1. If you want to be really pedantic (which you clearly do), I wouldn't be measuring the headphone transducers, I'd be measuring the displacement of the microphone diaphragm caused by the longitudinal displacement of air molecules between it and the headphone transducer. [1b] But I think we both knew that
2. I answered this above in reply to castleofargh – curiosity, and I'm looking at ordering cables that have the occasional bad unit so was wondering if this would even have an audible effect.
2.a I was talking about the worst case scenario for what I'm looking at i.e. the worst measured cables in this thread:
https://www.head-fi.org/threads/resistance-of-cables-pics-comments-and-links.907998/, and obviously not a completely broken cable.

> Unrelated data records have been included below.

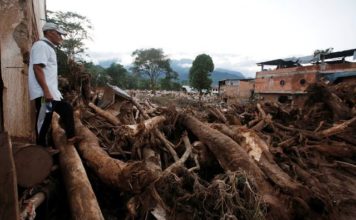 Colombia landslide leaves more than 200 dead after ‘avalanche of water’ destroys city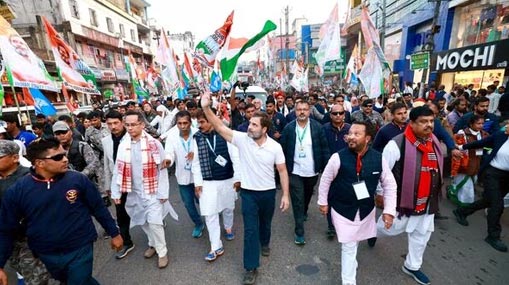 Mukesh Ambani : నెట్టింట్లో వైరల్ అవుతోన్న అంబానీ ఇంటి ఫొటోలు.. అంతా రామమయం..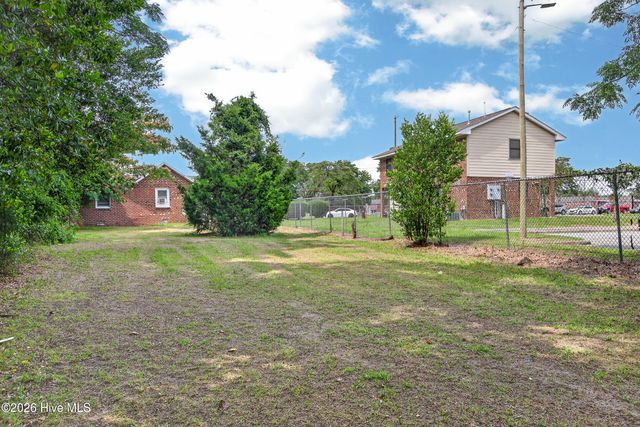 109 E South Street, Kinston, NC 28501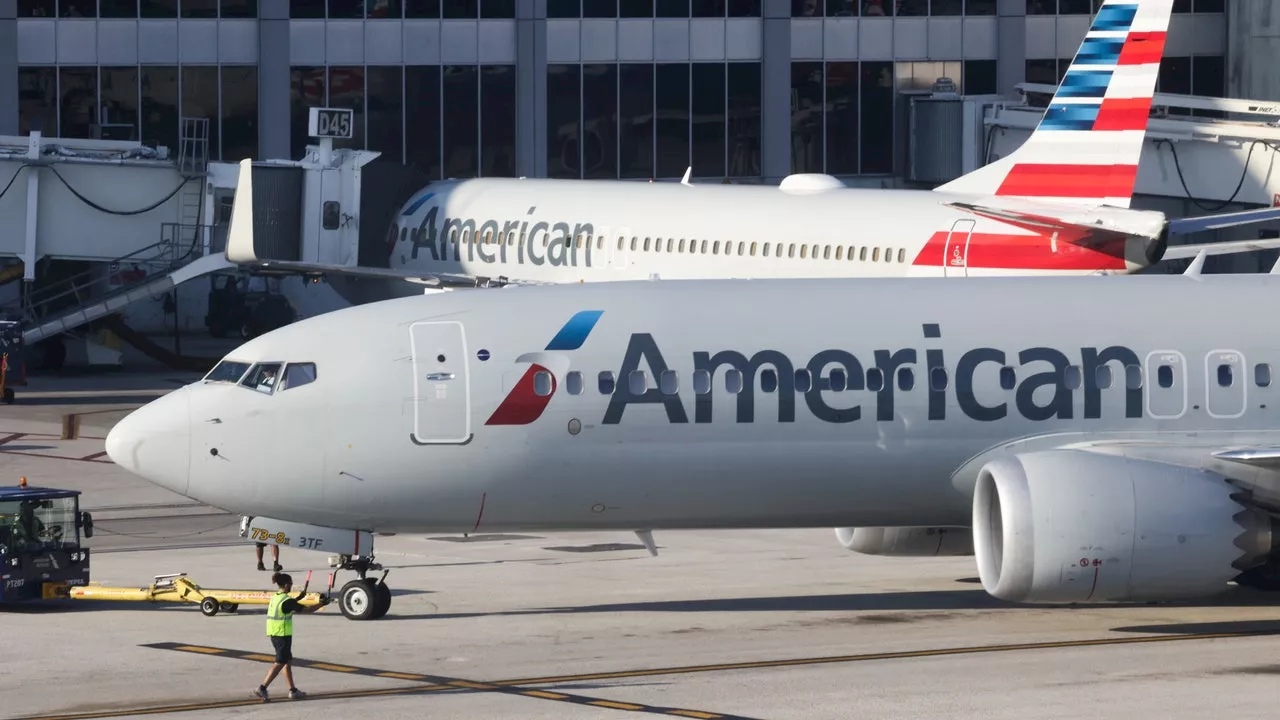 8 black men removed from American Airlines flight for body odor, lawsuit claims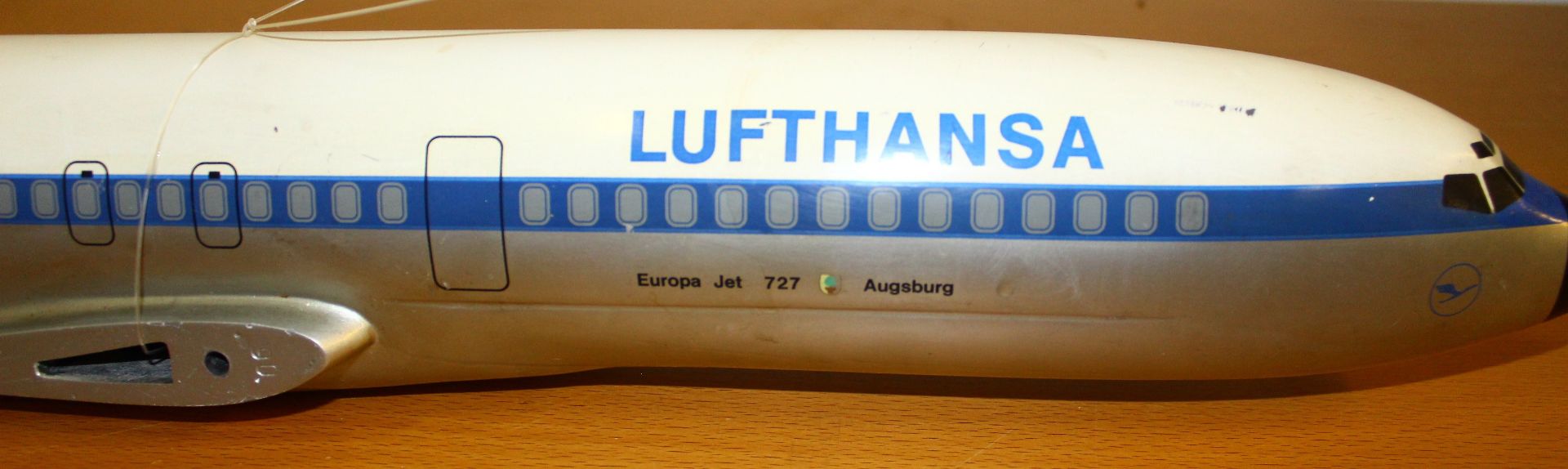 grosses Flugzeug-Rumpf Modell einer Lufthansa Boening 727-Augsburg, Metall, Flügel fehlen, L-90 cm, - Image 2 of 7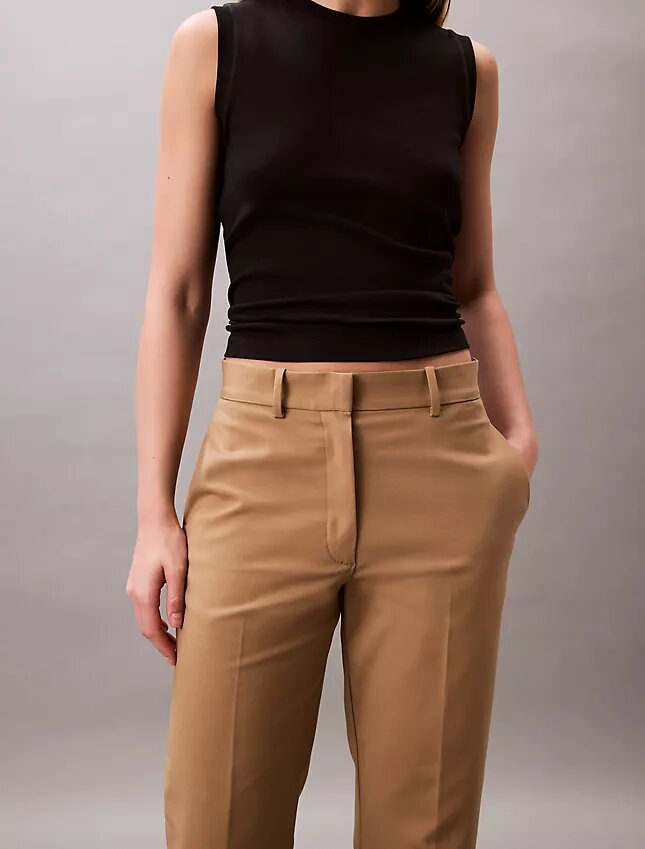 Βαμβακερό παντελόνι Cotton Stretch με ελαστική ύφανση και ίσια γραμμή Βαμβακερό παντελόνι Cotton Stretch με ελαστική ύφανση και ίσια γραμμή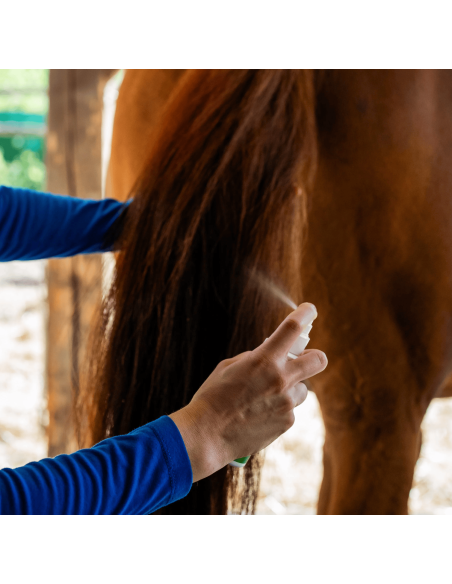 Aceite nutritivo para el pelaje del caballo Cura Naturale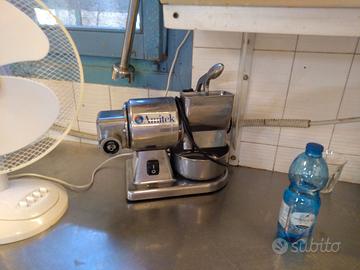 Combinato grattugia e tritacarne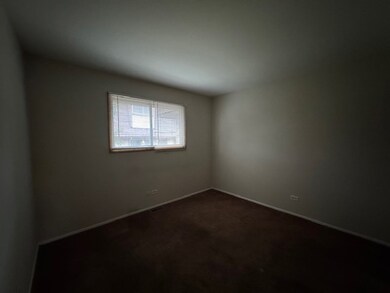 2670 Woodview Ct unit 1, Waukegan, IL 60087 - photo 5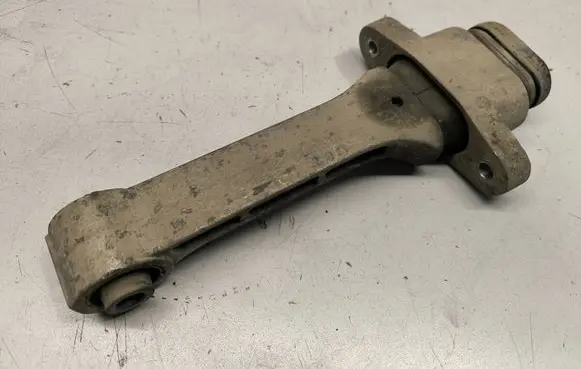 KIA Sorento Gearbox mount 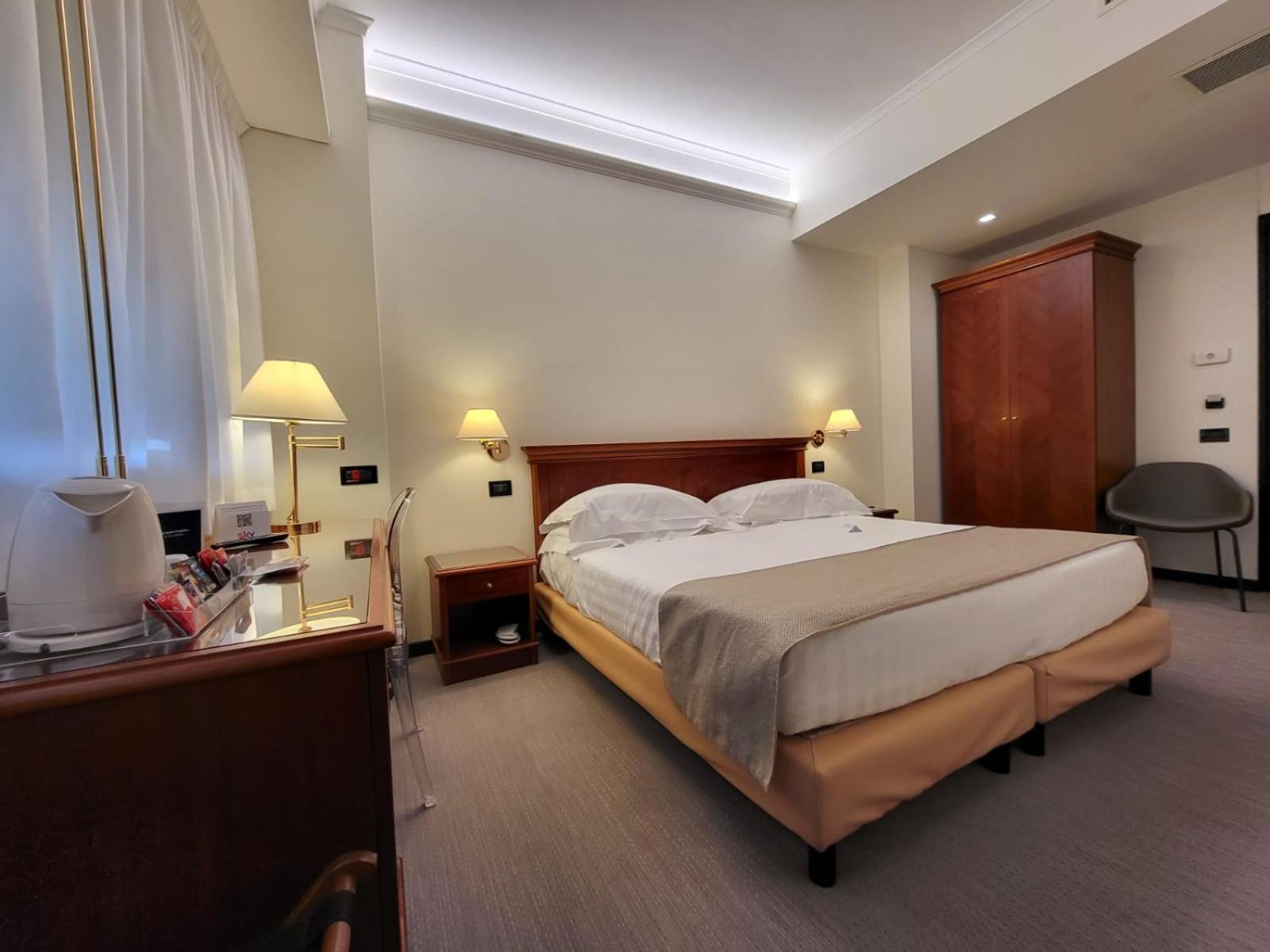Hotel Plaza - Photo 16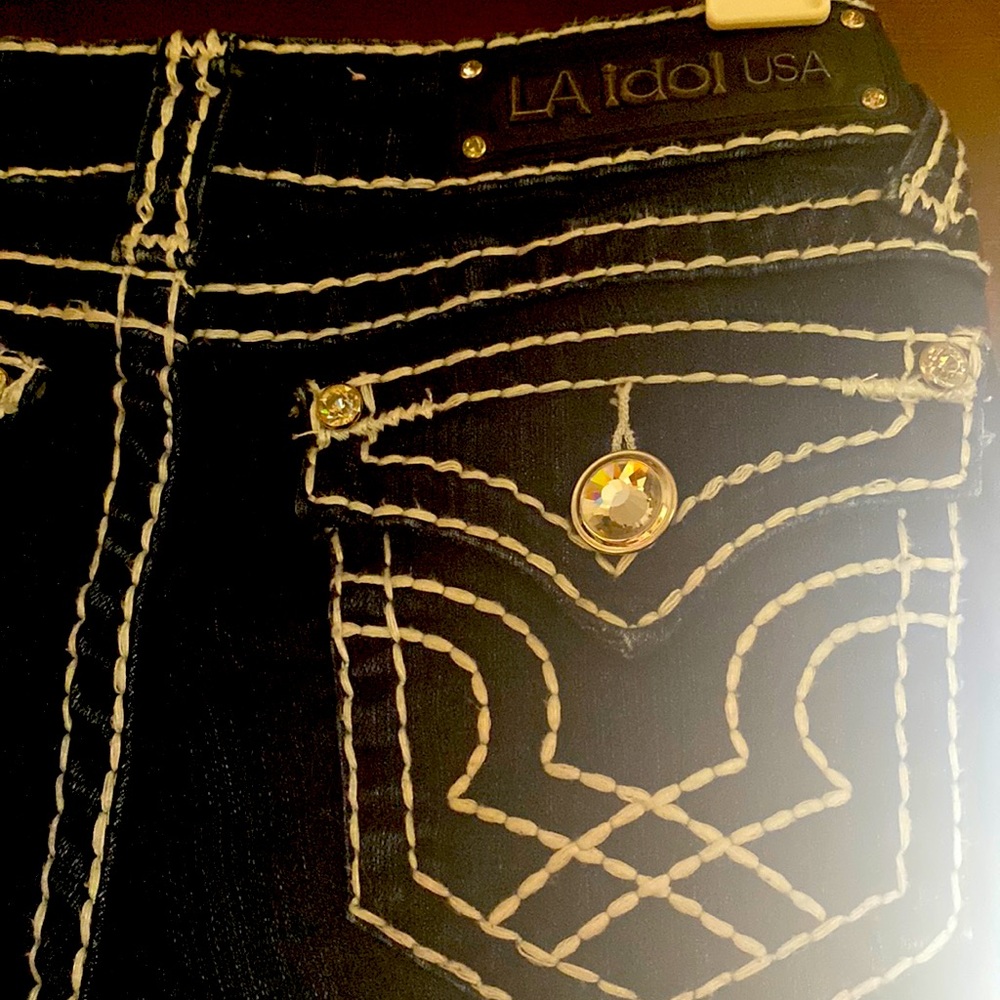 La Idol denim jeans size 7 in good condition with white stitching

2.b [1] I’m well aware that the dB scale is logarithmic.
[2b2] A value of 0.03dB is 33.3 times lower than a value of 1dB.
[2b3] The relative (rather than multiplicative) difference is more useful, which is 0.03dB - 1dB = -0.97dB. I’m not sure where you got your 3400 figure from though. This translates to 0.03dB being 89% of the sound pressure of 1dB (see the ‘Level change Δ Lp => Ratio y for sound pressure’ converter on this page:
http://www.sengpielaudio.com/calculator-levelchange.htm).
[3] Let's leave the pedantry there, because I answered my original question a while ago, and the conclusion is, in some cases, yes, resistance imbalance in real, poorly soldered (but not broken) cables, e.g. the worst ones in the above list, can cause a just audible channel imbalance, but for most cases it won't.